● Task goal
Repeat each line of the material below exactly as it appears, minus any pictures.
#### Input data
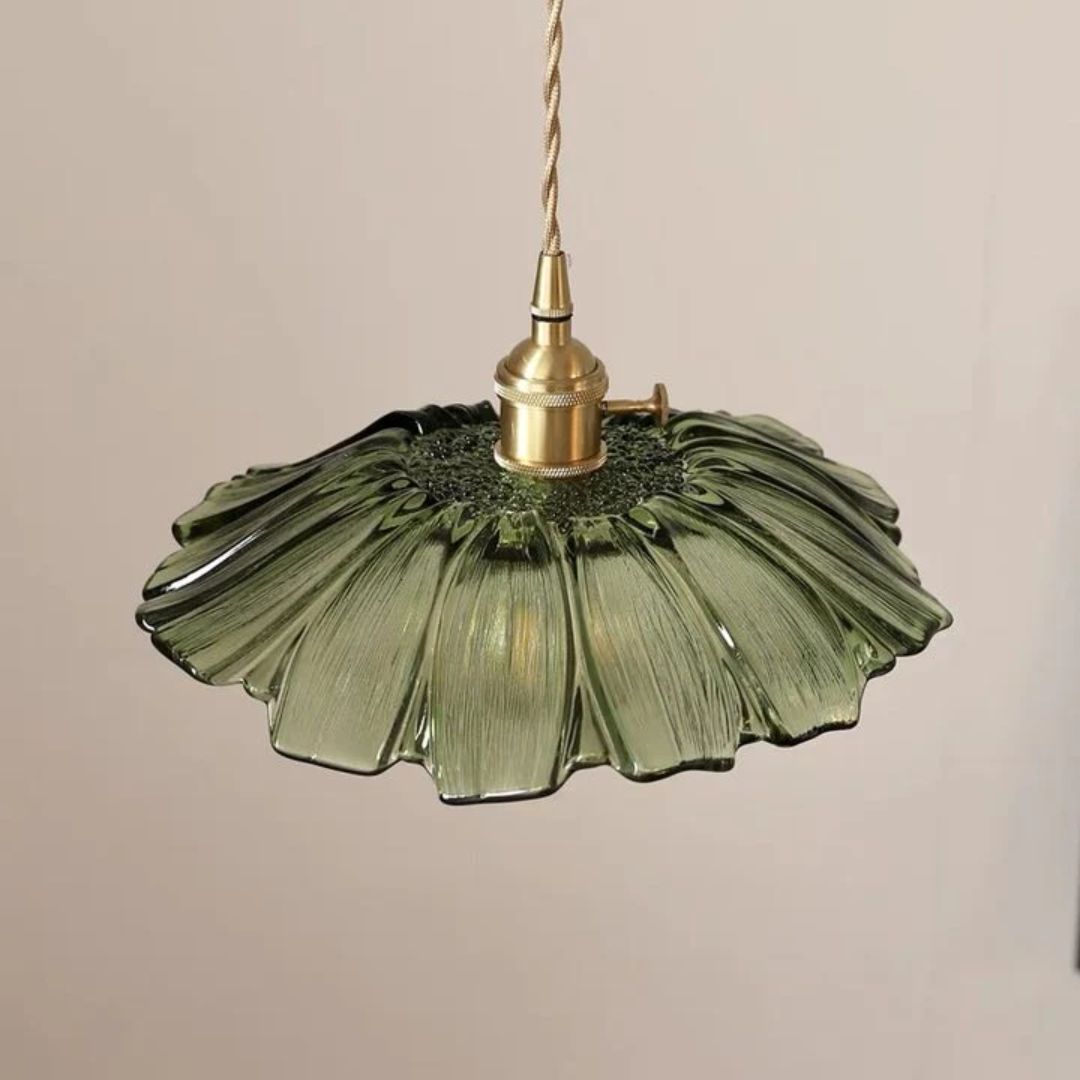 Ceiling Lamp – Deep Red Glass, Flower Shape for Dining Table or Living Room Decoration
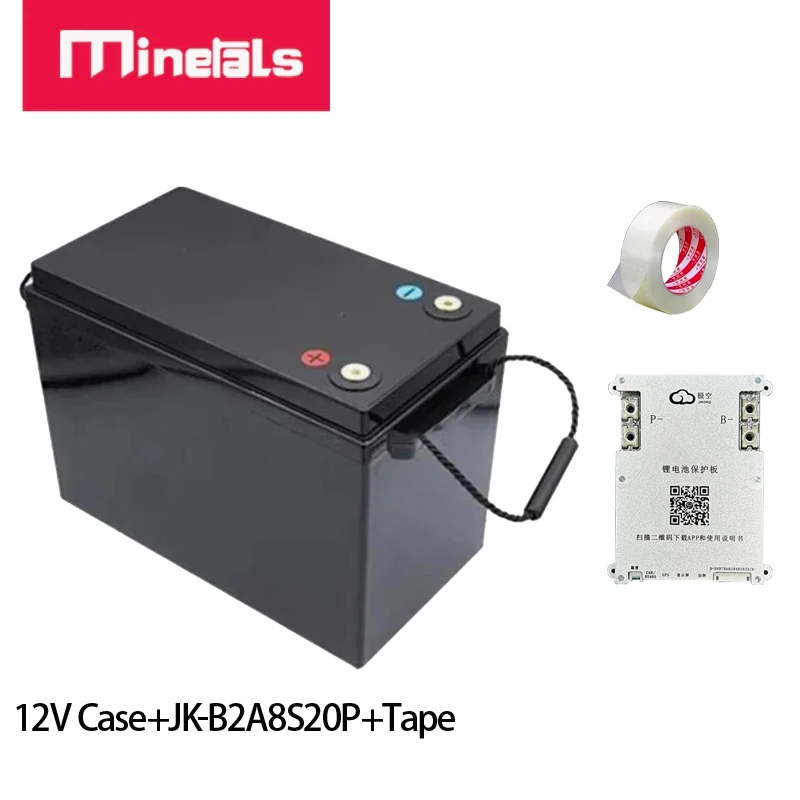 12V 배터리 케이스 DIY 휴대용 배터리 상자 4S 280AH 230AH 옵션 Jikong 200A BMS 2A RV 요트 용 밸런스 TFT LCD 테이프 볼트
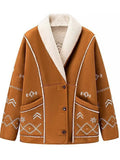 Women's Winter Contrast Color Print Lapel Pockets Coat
########
● Answer to the exercise
 Ceiling Lamp – Deep Red Glass, Flower Shape for Dining Table or Living Room Decoration
 12V 배터리 케이스 DIY 휴대용 배터리 상자 4S 280AH 230AH 옵션 Jikong 200A BMS 2A RV 요트 용 밸런스 TFT LCD 테이프 볼트
 Women's Winter Contrast Color Print Lapel Pockets Coat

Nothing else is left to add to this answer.